人は皆善意の元に行動していると信じている。

しかし、その善意が他者から理解可能だとは思っていないし、当人の善意を当人が上手く表現できているとは思っていない。

 

また悪意すらも、当人の善意に従った結果他者を攻撃する対象とみなしたという構造で理解している。所謂いじめなどは善意のための行動か?という質問もYesと返す。

集団から異質と判断した存在を排除することは、当事者の善に基づいた行動である。

 

これで理解すると、「善」という行動には大きく2つ存在する。

1. 個人的な善

2. 社会的な善

 

個人的な善とは個人の狭い閉じた世界においての最善、社会的な善とは常識や良識と言われた文化などに根付いた善である。

社会的な善は個人的な善と比較して、文化に根付くため他者から理解が容易になる。

 

その区分けで考えると、「いじめは善意の行動か?」という質問は「いじめは個人的な善に基づいた行動だが、社会的な善には基づいていない行動である」。

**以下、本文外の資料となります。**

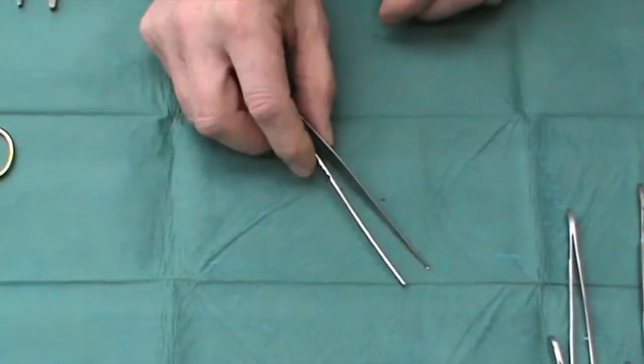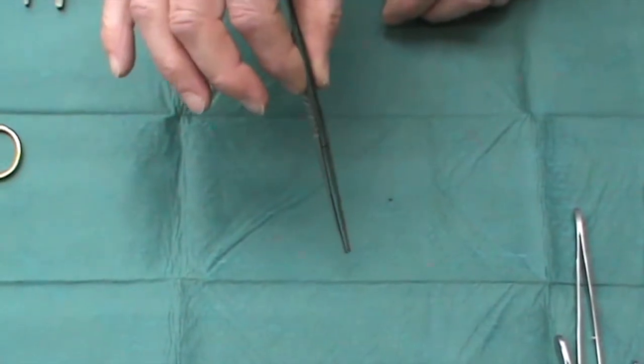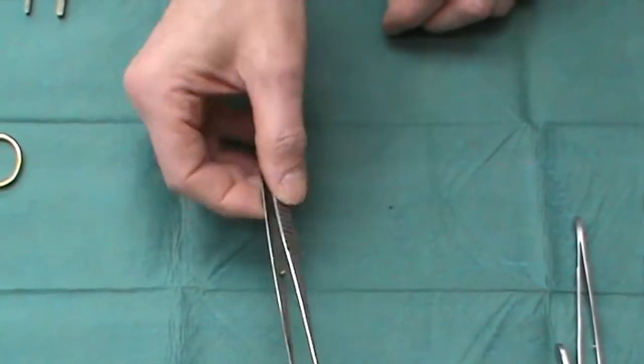These are often found in surgical sets — particularly useful for reaching into abdominal cavities — but if you're operating on skin, really they're too long and too cumbersome.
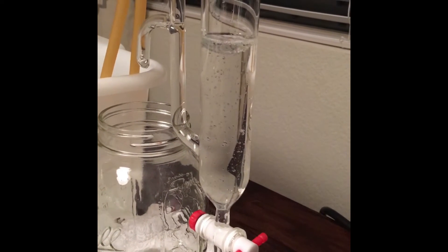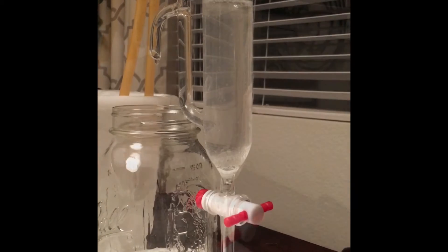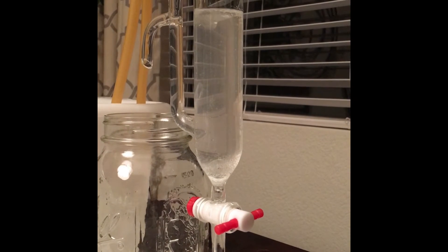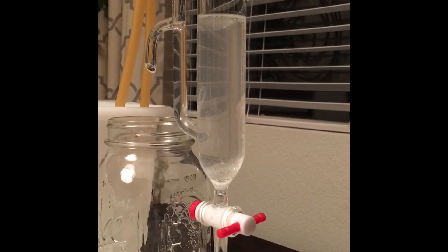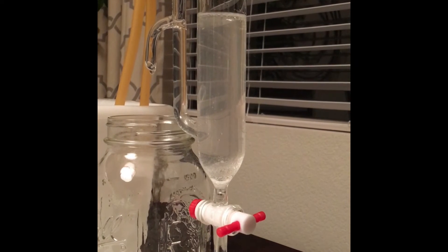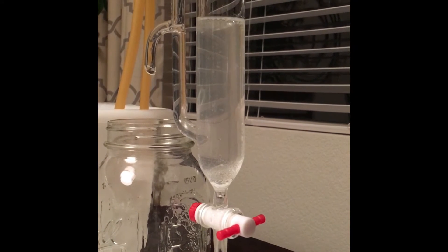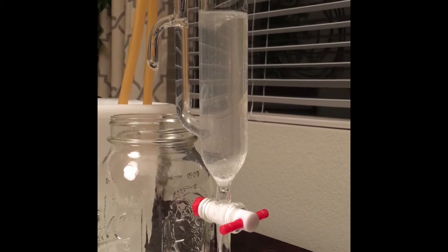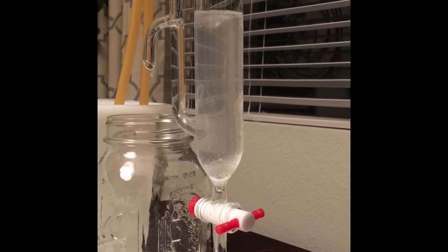We've got the hydrosol and the oil — this is what the separator does. This is about two and a half hours in, and you can see the separator has become very cloudy. A lot of the oil has sunk to the bottom, which means it's heavier than the water, but it hasn't really come together. It looks like condensation, but it's not — it's oil bubbles.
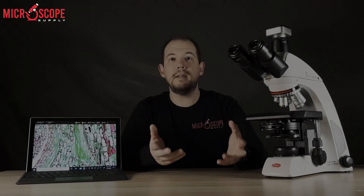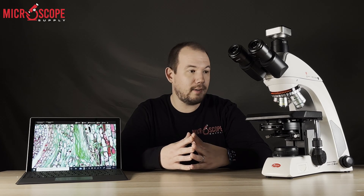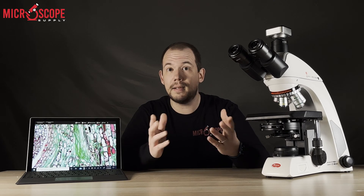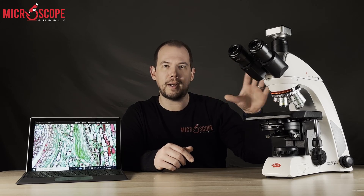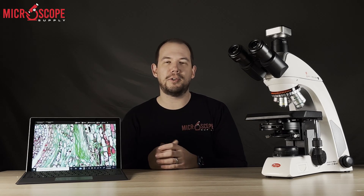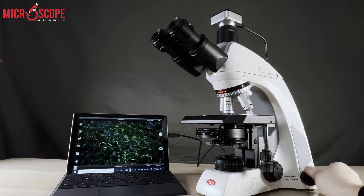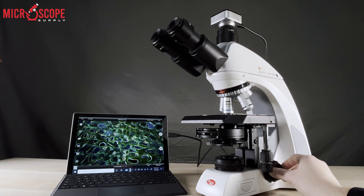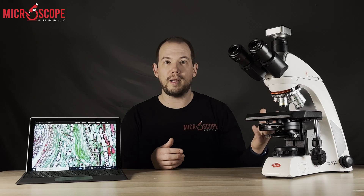The C2 is also available with a simple polarizer and analyzer, which are fairly inexpensive compared to other makes and models on the market, as well as an intermediate fluorescence attachment. The Motic Pantera C2 is a great option for a college or university looking for a more advanced microscope in a laboratory setting. If you want to purchase a microscope but may want to add phase, dark field, or fluorescence in the future, the C2 is going to be a great choice.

人は多くの行動をこの個人的な善、もしくは社会的な善のどちらかを採用している。

そして、多くの場合この2つは二律背反を起こす。個人的な善が社会的な善に抑圧されるのはよくある話である。人はこの善のバランスを取りながら生きている。

 

二律背反状態は苦しいため、その適応として個人的な善の一部は社会的な善に置換されていく。個人的な善が社会的な善にすべて置き換わると、聖人と言われたり、人間味がないと言われたりする。

 

 

昨今のインターネットの復活は個人的な善が複数あることを明らかにした。

結果、人は今まで「個人的な善vs社会的な善」という二律背反から「個人的な善vs個人的な善vs個人的な善vs ... ...vs社会的な善 」という他律背反の状態を経験するようになった。

 

結果、個人的な善or社会的な善のどちらかを採用せずに、全く第三者の個人的な善を採用するということが発生するようになった。

これはとても恐ろしい。

 

個人的な善はある種個人の欲求に基づくので、理解はされなくとも受け入れることが可能である。

社会的な善は個人を抑圧するが調和と周囲からの承認を得られる。

しかし、全く関係ない第三者の善は、個人的にも何が良いのか分からないが、周囲も承認してくれない。満足感も達成感もない善を基準に行動してしまう。

 

 

それは前提としている、「人は善意の元に行動する」が覆る瞬間かもしれない。